- Work to complete -
Among the entries, which lines carry the string "Original"? Copy every one.

··· Supplied records

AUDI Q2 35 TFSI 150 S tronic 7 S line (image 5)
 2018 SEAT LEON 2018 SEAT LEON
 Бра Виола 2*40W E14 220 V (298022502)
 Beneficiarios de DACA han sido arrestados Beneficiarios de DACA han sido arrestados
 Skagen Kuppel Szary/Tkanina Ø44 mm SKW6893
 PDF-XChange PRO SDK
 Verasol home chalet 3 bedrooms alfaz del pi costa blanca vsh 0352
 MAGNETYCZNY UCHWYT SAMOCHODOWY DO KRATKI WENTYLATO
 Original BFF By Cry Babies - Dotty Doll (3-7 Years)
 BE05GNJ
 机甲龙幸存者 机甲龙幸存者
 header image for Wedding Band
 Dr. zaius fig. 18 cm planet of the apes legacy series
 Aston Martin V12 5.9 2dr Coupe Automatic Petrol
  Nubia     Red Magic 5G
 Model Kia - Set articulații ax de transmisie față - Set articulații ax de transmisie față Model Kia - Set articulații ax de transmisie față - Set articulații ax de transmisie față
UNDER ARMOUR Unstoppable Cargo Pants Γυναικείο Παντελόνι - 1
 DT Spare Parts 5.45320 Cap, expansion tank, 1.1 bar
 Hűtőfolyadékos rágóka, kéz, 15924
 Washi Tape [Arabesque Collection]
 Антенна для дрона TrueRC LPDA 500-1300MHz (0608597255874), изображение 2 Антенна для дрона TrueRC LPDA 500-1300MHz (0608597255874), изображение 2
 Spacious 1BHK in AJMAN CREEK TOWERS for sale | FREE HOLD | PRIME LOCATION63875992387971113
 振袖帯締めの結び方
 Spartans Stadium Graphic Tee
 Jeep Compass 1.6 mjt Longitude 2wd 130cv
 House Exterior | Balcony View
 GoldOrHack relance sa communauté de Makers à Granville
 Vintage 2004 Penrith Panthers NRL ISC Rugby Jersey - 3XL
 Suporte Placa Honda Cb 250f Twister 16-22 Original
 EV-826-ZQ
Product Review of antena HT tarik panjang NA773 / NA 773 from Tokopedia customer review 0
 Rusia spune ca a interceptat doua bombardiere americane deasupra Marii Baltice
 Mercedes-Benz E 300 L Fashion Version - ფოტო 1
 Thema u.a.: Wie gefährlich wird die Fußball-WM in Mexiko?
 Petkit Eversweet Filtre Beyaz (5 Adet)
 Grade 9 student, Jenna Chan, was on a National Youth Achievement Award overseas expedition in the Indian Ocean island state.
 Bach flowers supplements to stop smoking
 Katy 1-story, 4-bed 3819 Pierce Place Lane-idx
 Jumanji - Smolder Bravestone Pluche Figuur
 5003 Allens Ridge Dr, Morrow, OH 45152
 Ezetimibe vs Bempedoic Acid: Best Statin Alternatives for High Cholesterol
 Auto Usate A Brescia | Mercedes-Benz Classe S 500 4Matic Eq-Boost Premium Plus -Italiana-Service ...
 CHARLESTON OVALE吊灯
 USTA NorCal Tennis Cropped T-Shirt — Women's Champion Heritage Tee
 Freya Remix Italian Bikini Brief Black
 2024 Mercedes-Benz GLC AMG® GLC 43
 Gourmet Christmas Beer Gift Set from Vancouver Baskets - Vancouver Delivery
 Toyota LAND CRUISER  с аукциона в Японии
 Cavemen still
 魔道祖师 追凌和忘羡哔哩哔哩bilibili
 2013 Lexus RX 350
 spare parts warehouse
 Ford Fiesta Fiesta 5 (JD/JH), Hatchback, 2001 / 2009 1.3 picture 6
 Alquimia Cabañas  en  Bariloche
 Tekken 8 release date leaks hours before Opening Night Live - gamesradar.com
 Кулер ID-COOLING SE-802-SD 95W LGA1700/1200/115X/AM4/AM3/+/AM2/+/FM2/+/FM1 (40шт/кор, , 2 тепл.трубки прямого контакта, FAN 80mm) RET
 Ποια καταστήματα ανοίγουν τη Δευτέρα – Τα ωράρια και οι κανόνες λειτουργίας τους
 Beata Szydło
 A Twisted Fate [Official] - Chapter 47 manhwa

······

- Answer below -
 Original BFF By Cry Babies - Dotty Doll (3-7 Years)
 Suporte Placa Honda Cb 250f Twister 16-22 Original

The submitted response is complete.